Task goal = Further down are entries; set down exactly and only the lines from the one with "Detail of rose" up to and including the one with "A compact kitchenette", dropping each picture.

Material supplied =
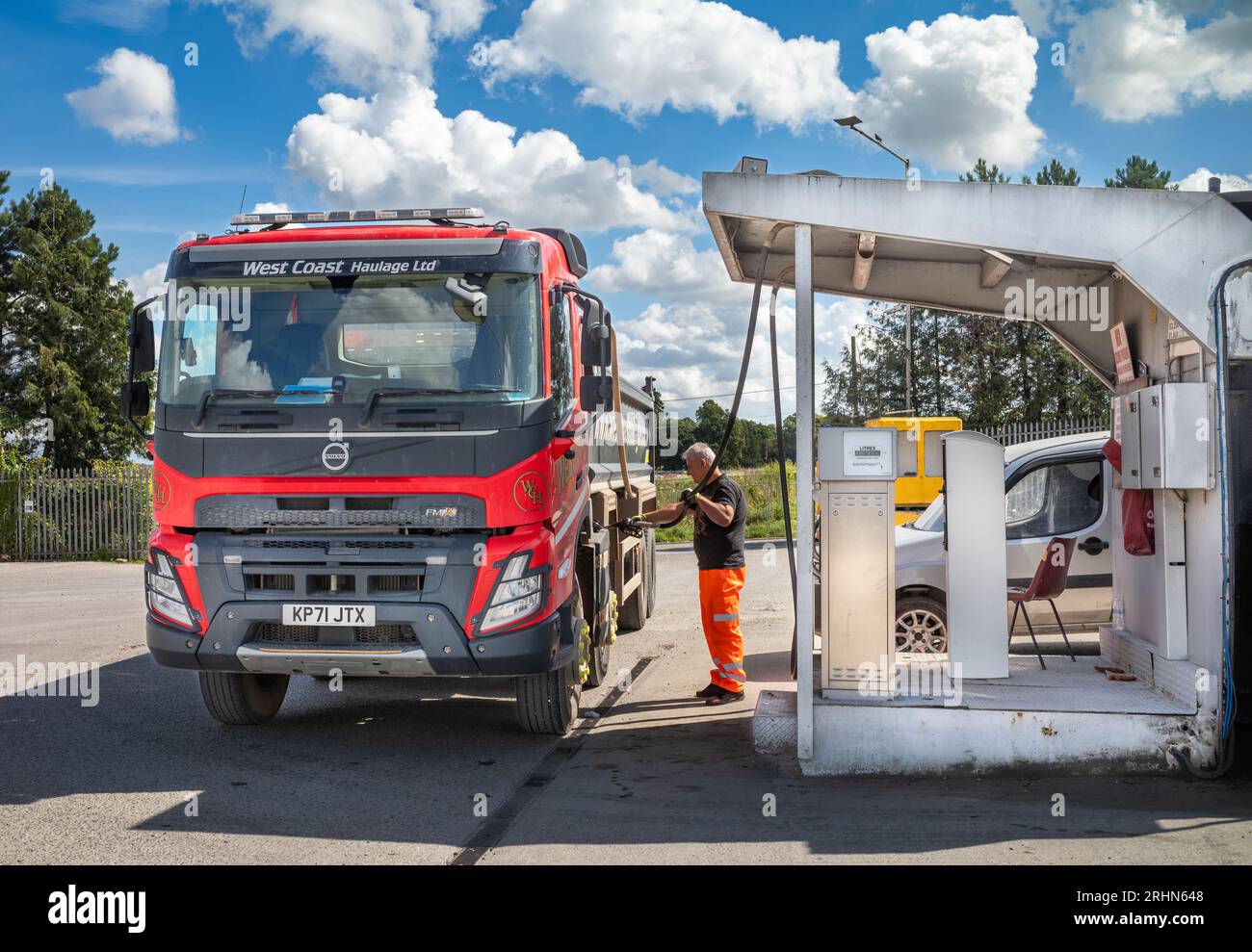 A greyhaired dump truck driver fills his red dumper truck with fuel at the Lincoln Farm Truck
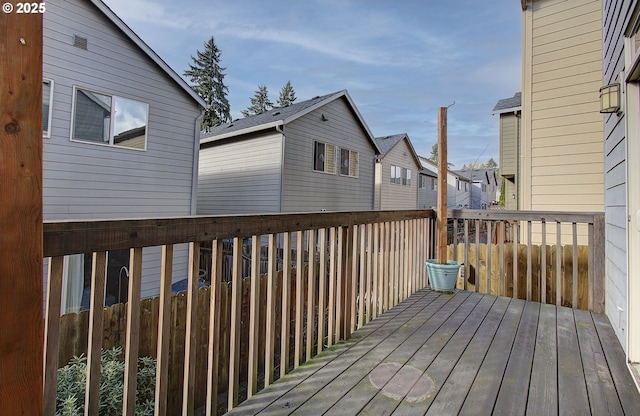 wooden deck with a residential view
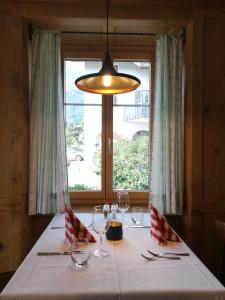 a table with wine glasses and aendant light and a window at Hotel Alpenrose in Maienfeld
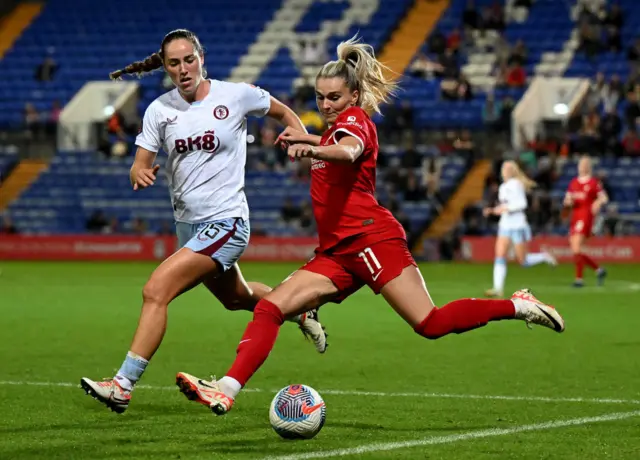 Parker closes down Lawley as she attempts to clear the ball.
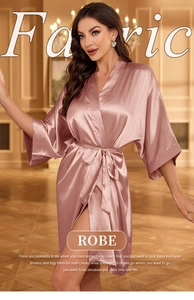 Detail of rose pink satin silk robe showing waist tie and elegant smooth fabric texture
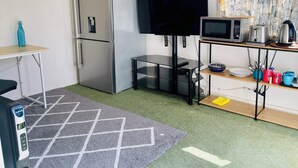 A compact kitchenette with a refrigerator, microwave, and a small table with a TV. - Haven to Relax (Hamilton)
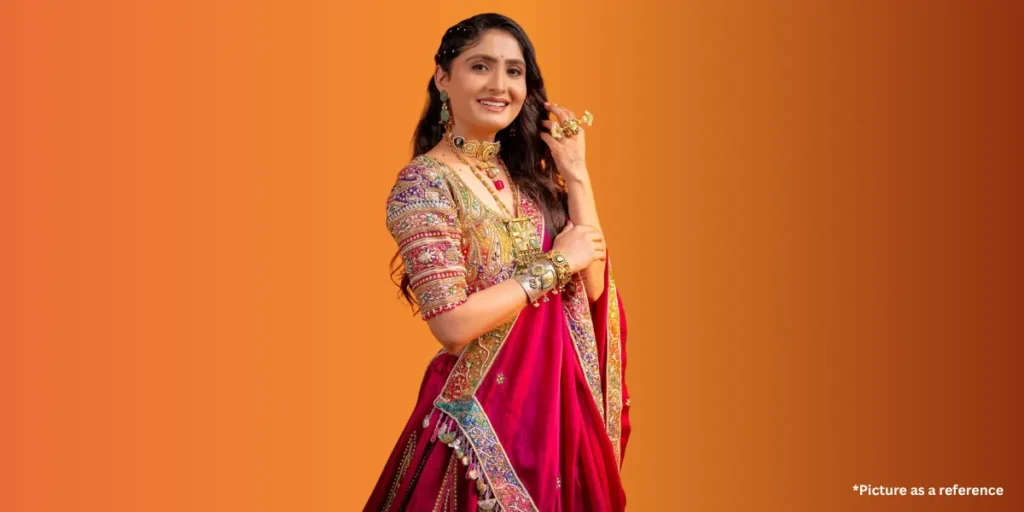 A woman, Geetaben Rabari, adorned in a regal magenta and gold embroidered lehenga choli with traditional jewelry, smiling confidently against an orange gradient backdrop.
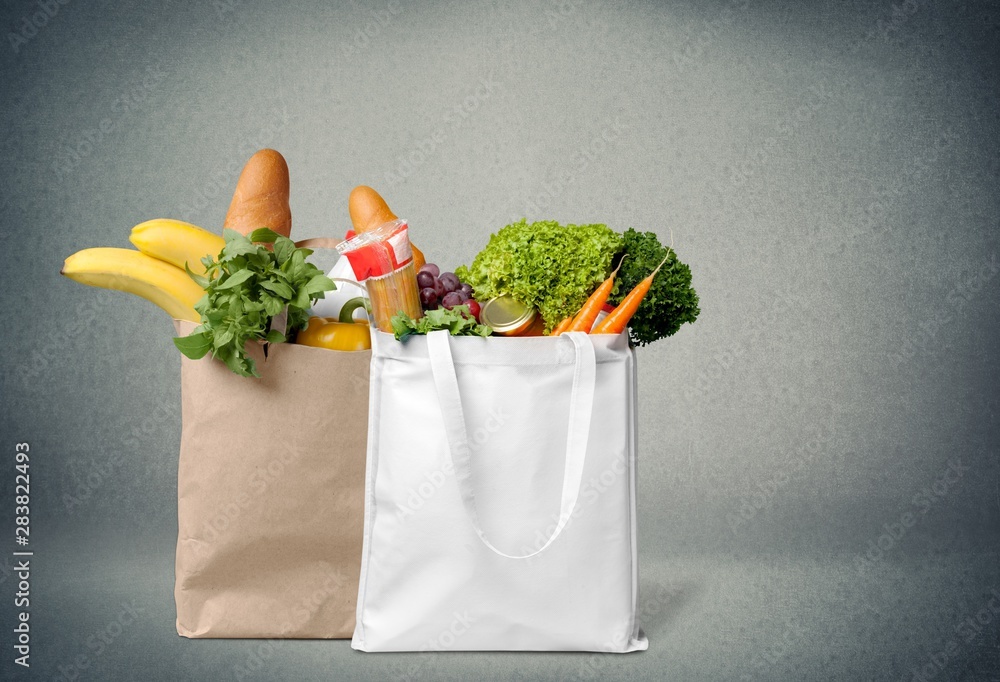 Shopping bags with groceries on stone background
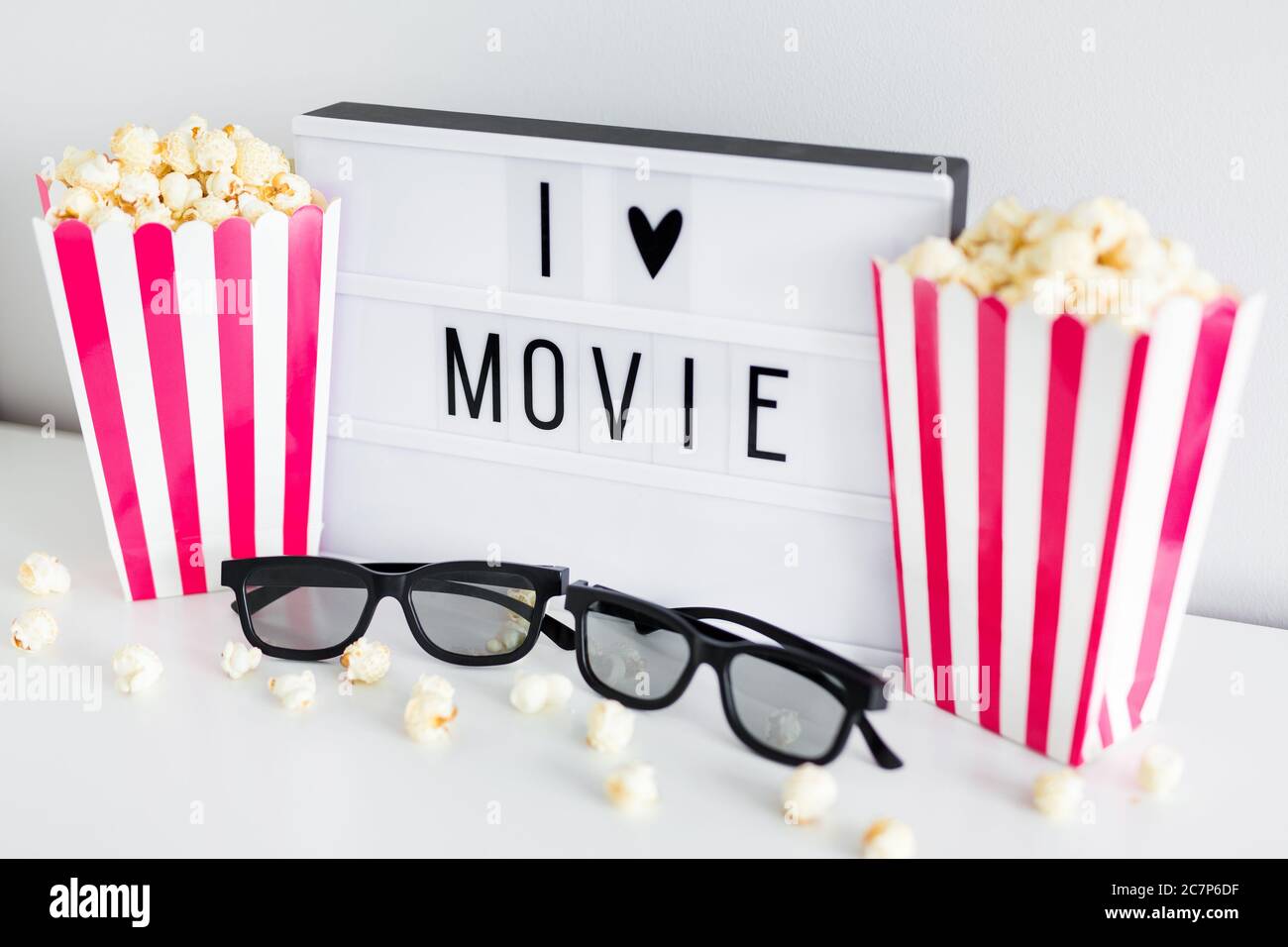 Cinema concept - gros plan des boîtes à rayures roses avec pop-corn, lunettes 3d et boîte lumineuse avec texte « I love movie » Banque D'Images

Reply =
 Detail of rose pink satin silk robe showing waist tie and elegant smooth fabric texture
 A compact kitchenette with a refrigerator, microwave, and a small table with a TV. - Haven to Relax (Hamilton)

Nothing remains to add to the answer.